* **Task instructions**
Beginning with the first line of the data below, reproduce every line unchanged, ending with the line that holds "Custom Solid 18k".

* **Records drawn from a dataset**
—————

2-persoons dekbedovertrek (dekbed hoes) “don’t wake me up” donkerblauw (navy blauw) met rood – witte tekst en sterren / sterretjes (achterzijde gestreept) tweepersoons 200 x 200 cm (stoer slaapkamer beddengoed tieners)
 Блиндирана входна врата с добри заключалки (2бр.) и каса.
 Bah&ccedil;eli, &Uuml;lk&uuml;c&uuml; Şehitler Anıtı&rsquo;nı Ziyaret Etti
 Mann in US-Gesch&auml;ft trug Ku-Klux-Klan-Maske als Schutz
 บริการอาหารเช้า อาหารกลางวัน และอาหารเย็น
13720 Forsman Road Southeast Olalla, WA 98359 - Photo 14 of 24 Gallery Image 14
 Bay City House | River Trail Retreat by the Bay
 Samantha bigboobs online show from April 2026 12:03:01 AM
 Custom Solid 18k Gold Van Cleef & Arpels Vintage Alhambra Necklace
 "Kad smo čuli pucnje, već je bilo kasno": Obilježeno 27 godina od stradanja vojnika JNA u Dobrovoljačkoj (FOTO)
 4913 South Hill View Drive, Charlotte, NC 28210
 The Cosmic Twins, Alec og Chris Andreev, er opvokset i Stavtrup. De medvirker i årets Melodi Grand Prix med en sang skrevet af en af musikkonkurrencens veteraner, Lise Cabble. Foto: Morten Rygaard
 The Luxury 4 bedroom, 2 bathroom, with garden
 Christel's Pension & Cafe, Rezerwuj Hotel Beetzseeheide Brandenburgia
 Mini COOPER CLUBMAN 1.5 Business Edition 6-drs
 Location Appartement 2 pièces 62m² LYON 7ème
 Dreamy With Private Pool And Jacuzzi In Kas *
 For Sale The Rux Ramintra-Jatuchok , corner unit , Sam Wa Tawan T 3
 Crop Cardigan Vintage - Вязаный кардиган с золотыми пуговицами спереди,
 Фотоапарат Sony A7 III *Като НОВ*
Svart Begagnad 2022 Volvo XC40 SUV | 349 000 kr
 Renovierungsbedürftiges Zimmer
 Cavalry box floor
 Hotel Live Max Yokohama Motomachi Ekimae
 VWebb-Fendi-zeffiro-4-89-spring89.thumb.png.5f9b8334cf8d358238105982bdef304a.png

—————

* **Response box**
2-persoons dekbedovertrek (dekbed hoes) “don’t wake me up” donkerblauw (navy blauw) met rood – witte tekst en sterren / sterretjes (achterzijde gestreept) tweepersoons 200 x 200 cm (stoer slaapkamer beddengoed tieners)
 Блиндирана входна врата с добри заключалки (2бр.) и каса.
 Bah&ccedil;eli, &Uuml;lk&uuml;c&uuml; Şehitler Anıtı&rsquo;nı Ziyaret Etti
 Mann in US-Gesch&auml;ft trug Ku-Klux-Klan-Maske als Schutz
 บริการอาหารเช้า อาหารกลางวัน และอาหารเย็น
13720 Forsman Road Southeast Olalla, WA 98359 - Photo 14 of 24 Gallery Image 14
 Bay City House | River Trail Retreat by the Bay
 Samantha bigboobs online show from April 2026 12:03:01 AM
 Custom Solid 18k Gold Van Cleef & Arpels Vintage Alhambra Necklace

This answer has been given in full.